**How to complete this task**: Nothing except the pictures should be left out when you reproduce the listing exactly.

**Supplied material**:
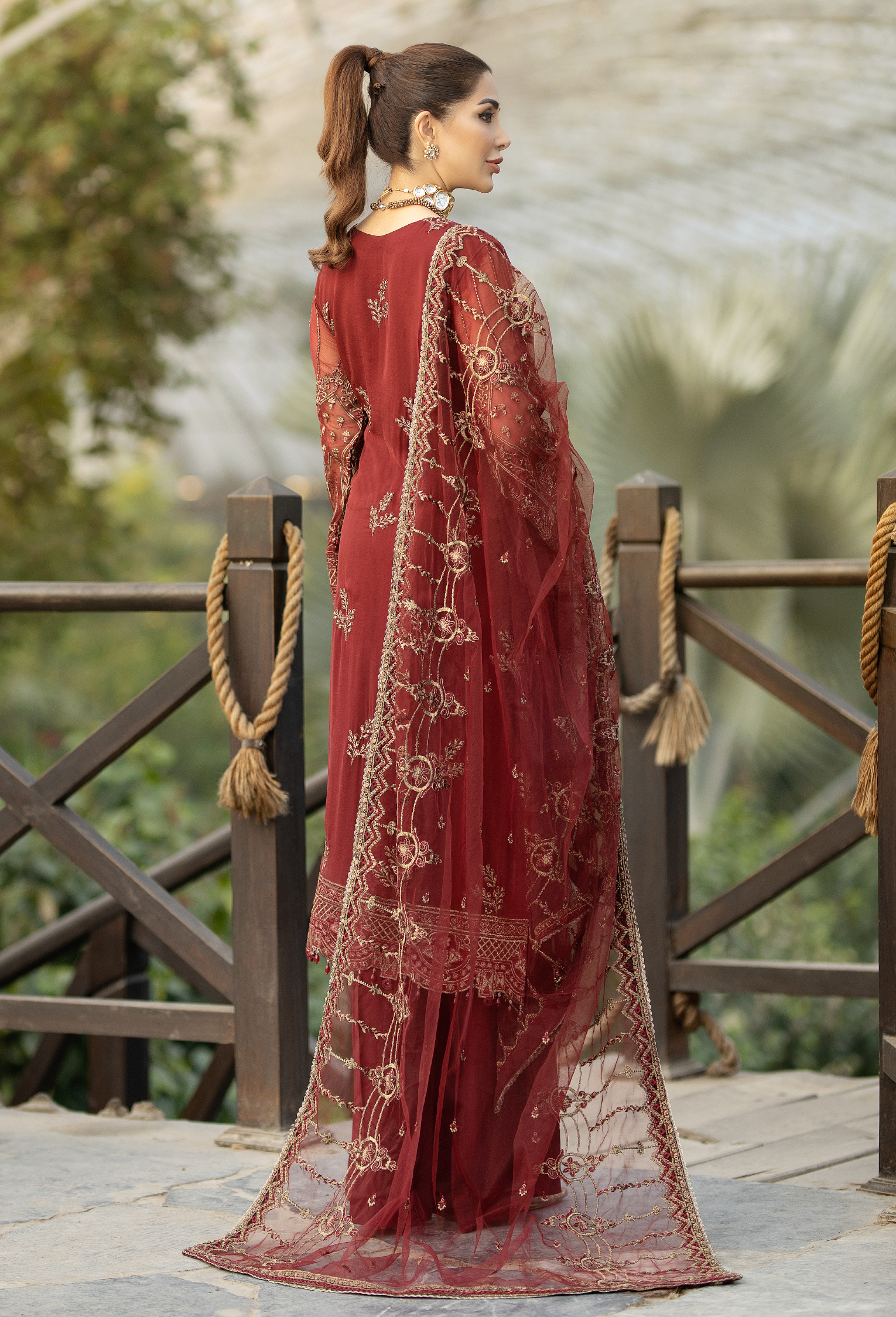 Adan's Libas Wisteria Embroidered Chiffon Collection – Sangria – YourLibaas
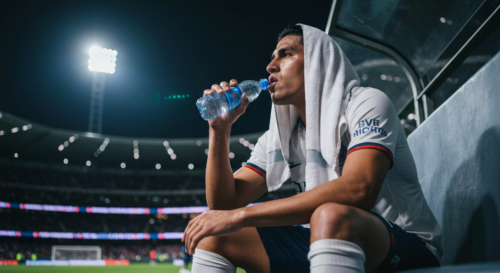 A photorealistic image of a professional soccer player resting on a bench after a match, with a towel over his head, drinking water, stadium lights in the background, natural lighting, high detail, no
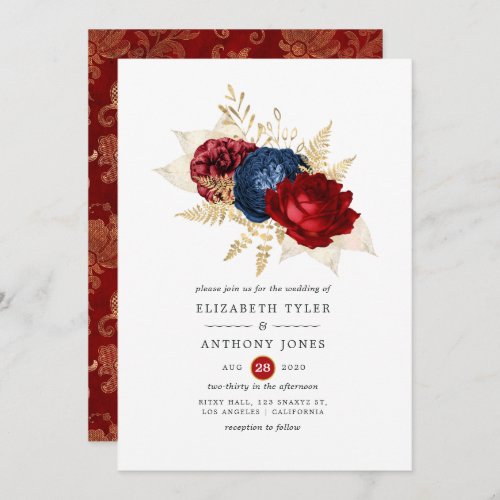 Navy Red and Gold Floral Wedding Invitation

**Exercise answer**:
 Adan's Libas Wisteria Embroidered Chiffon Collection – Sangria – YourLibaas
 A photorealistic image of a professional soccer player resting on a bench after a match, with a towel over his head, drinking water, stadium lights in the background, natural lighting, high detail, no
 Navy Red and Gold Floral Wedding Invitation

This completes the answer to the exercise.